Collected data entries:
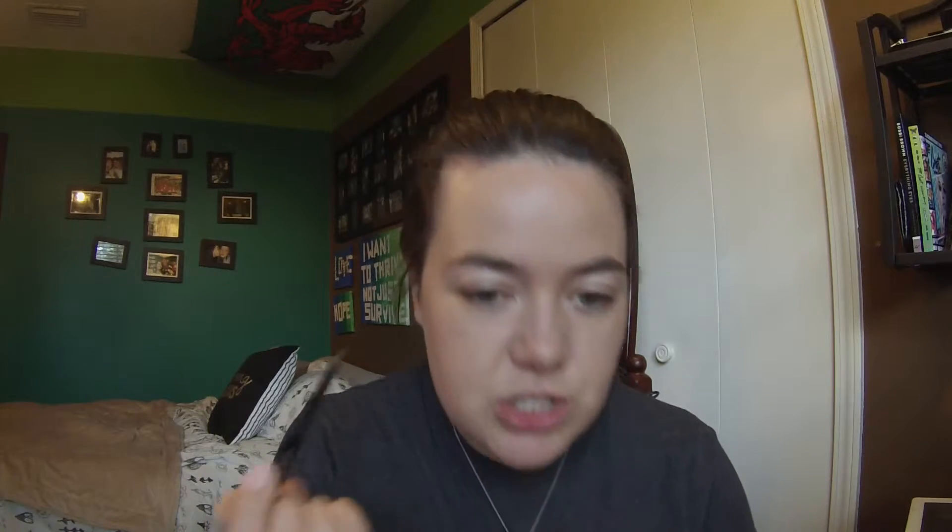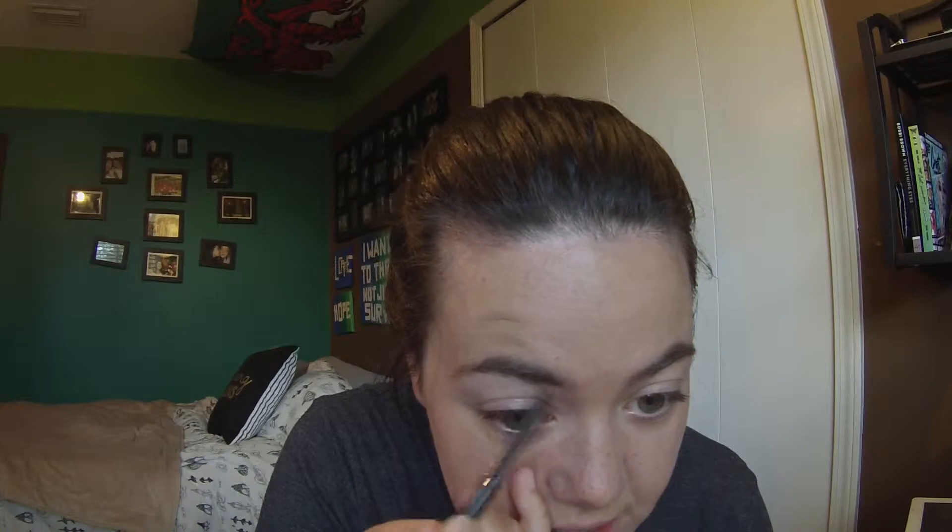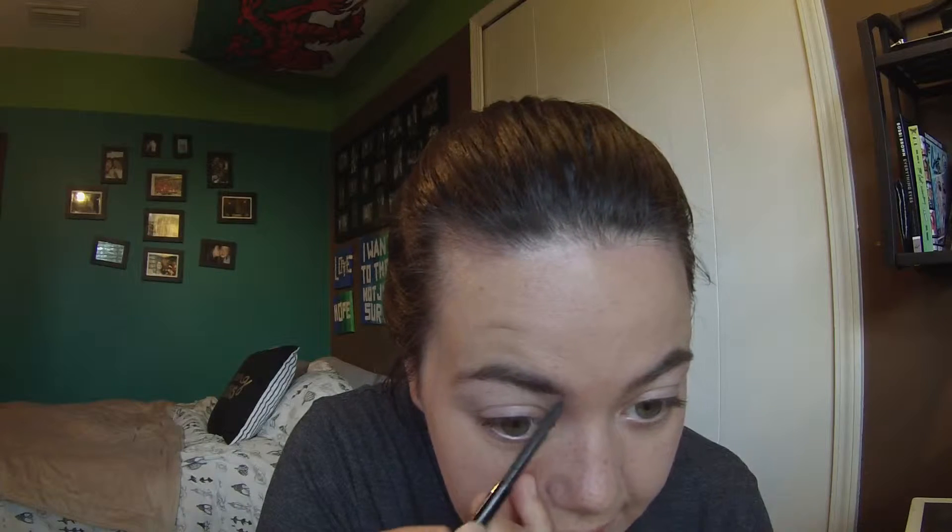The first thing I'm going to do is my eyebrows — I've already done my base and concealer and all that. I'm going to be using the Anastasia Brow Wiz in dark brown, which is a really good match. Dark brown and medium brown in the pomade are basically the same. I like this product because I can get a fuller brow, and it comes with a little spoolie on the end. I'm just filling in any gaps.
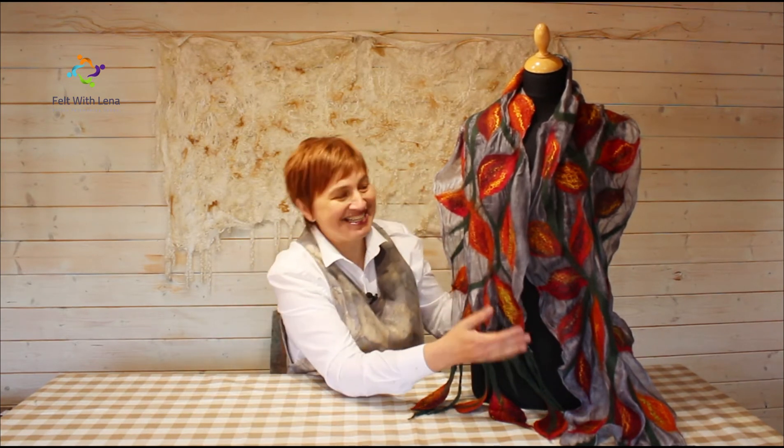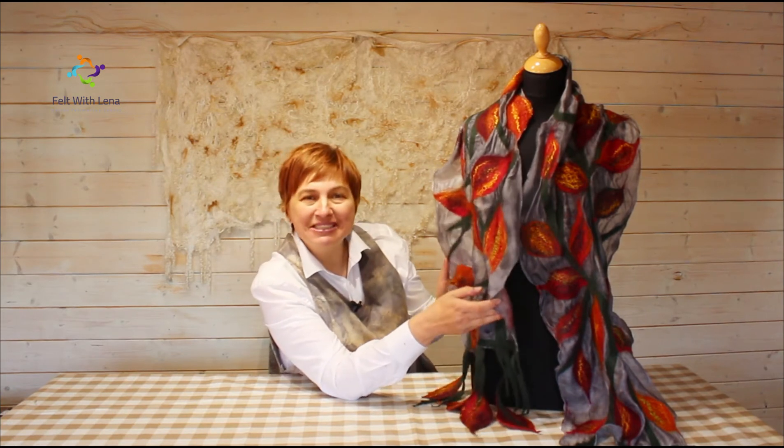So what are we going to create? This is what we are going to create — we are going to create an Autumn Leaves Scarf.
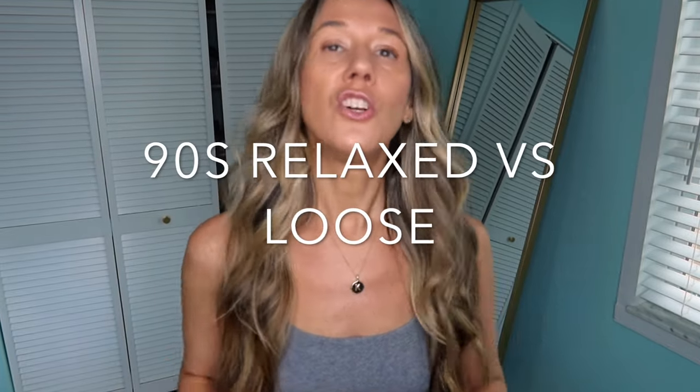Hey girlies, welcome back. Today we have an Abercrombie jeans comparison video for you. This was a request over on Instagram and I just thought I would make it into a YouTube video. I'm going to be comparing the 90s relaxed jeans to the 90s loose jeans.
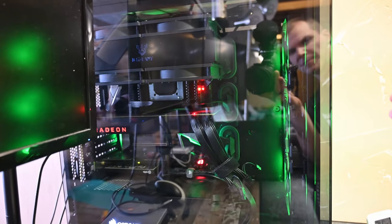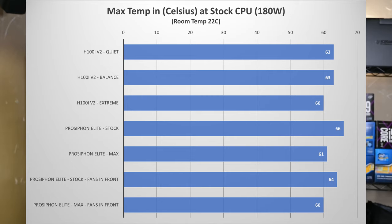This setup takes cool room-temperature air in and puts it out. Jumping into the numbers — max temp in Celsius at stock CPU frequency, pulling about 180 watts, room temperature 22 degrees. For the H100i V2 on quiet, that's 63 degrees Celsius. Fan noise starts at 1200 RPMs, maxes out at 2700 RPMs, then cycles back and forth between 2700 and 1800 — it kicks up as soon as the cooler liquid goes above 40°C, then kicks back down, trying to stay quiet.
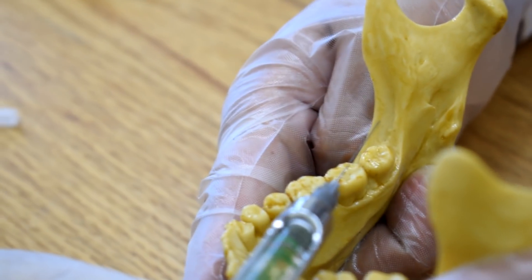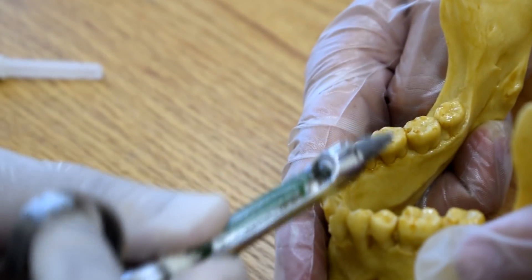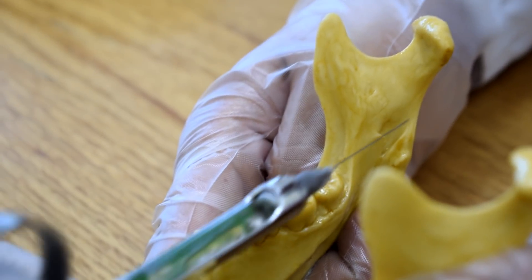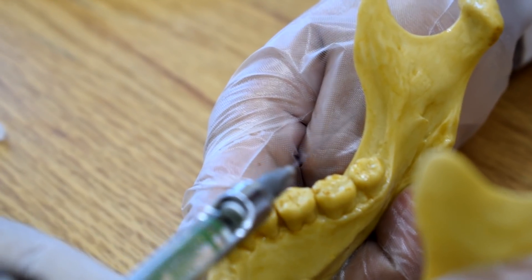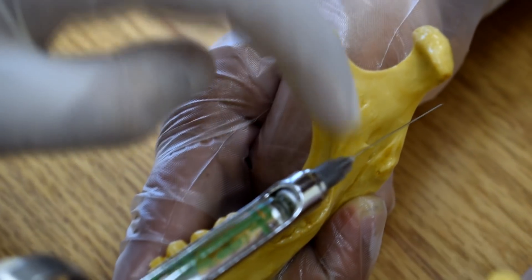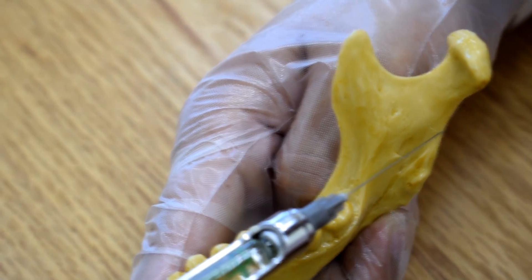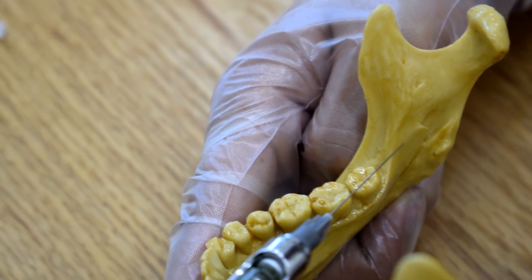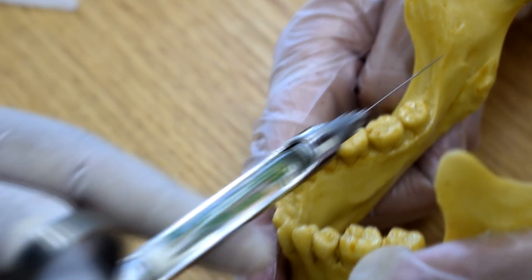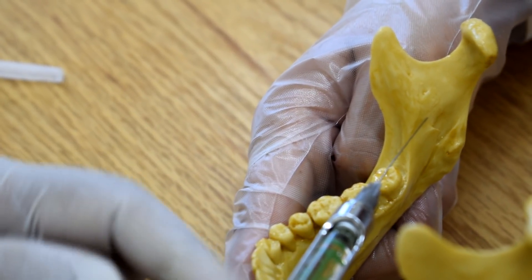Withdraw the needle and rotate — while rotating I will be more or less over the canine or incisors — then re-advance for the correct bone contact. If there is no bone contact — too medial injection — or too deep penetration with no bone contact, I have to withdraw the needle, redirect it passing over more or less the molars, and redirect the needle. If I had no bone contact and I injected the solution, I am injecting into the parotid gland.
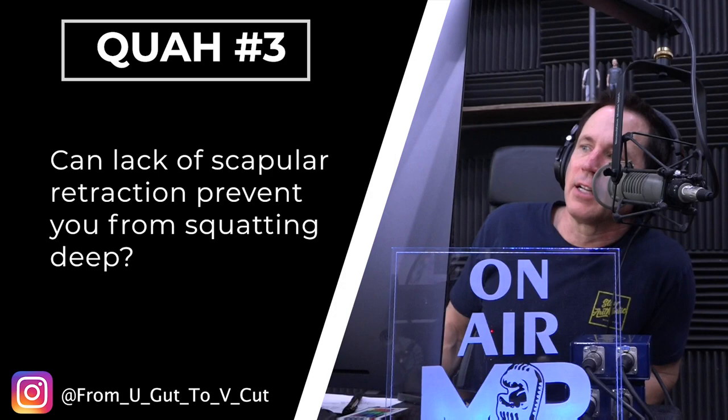The question is: can lack of scapular retraction prevent you from squatting deep? Well, if you're just going to squat on your own without any weight, maybe not. But if you put a load on yourself, then yeah, you definitely need scapular retraction — your ability to pull your shoulders back and hold them there. When you've got that scapular retraction going on and you squat, the upper back wants to compensate and kind of roll forward. When one part of the spine compensates, you often see it affect other parts of the spine.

Work request: Beginning with the first line of the records and ending with the line that contains "This setup takes", reproduce every line exactly, omitting pictures and adding nothing.

Response to this task:
The first thing I'm going to do is my eyebrows — I've already done my base and concealer and all that. I'm going to be using the Anastasia Brow Wiz in dark brown, which is a really good match. Dark brown and medium brown in the pomade are basically the same. I like this product because I can get a fuller brow, and it comes with a little spoolie on the end. I'm just filling in any gaps.
So what are we going to create? This is what we are going to create — we are going to create an Autumn Leaves Scarf.
Hey girlies, welcome back. Today we have an Abercrombie jeans comparison video for you. This was a request over on Instagram and I just thought I would make it into a YouTube video. I'm going to be comparing the 90s relaxed jeans to the 90s loose jeans.
This setup takes cool room-temperature air in and puts it out. Jumping into the numbers — max temp in Celsius at stock CPU frequency, pulling about 180 watts, room temperature 22 degrees. For the H100i V2 on quiet, that's 63 degrees Celsius. Fan noise starts at 1200 RPMs, maxes out at 2700 RPMs, then cycles back and forth between 2700 and 1800 — it kicks up as soon as the cooler liquid goes above 40°C, then kicks back down, trying to stay quiet.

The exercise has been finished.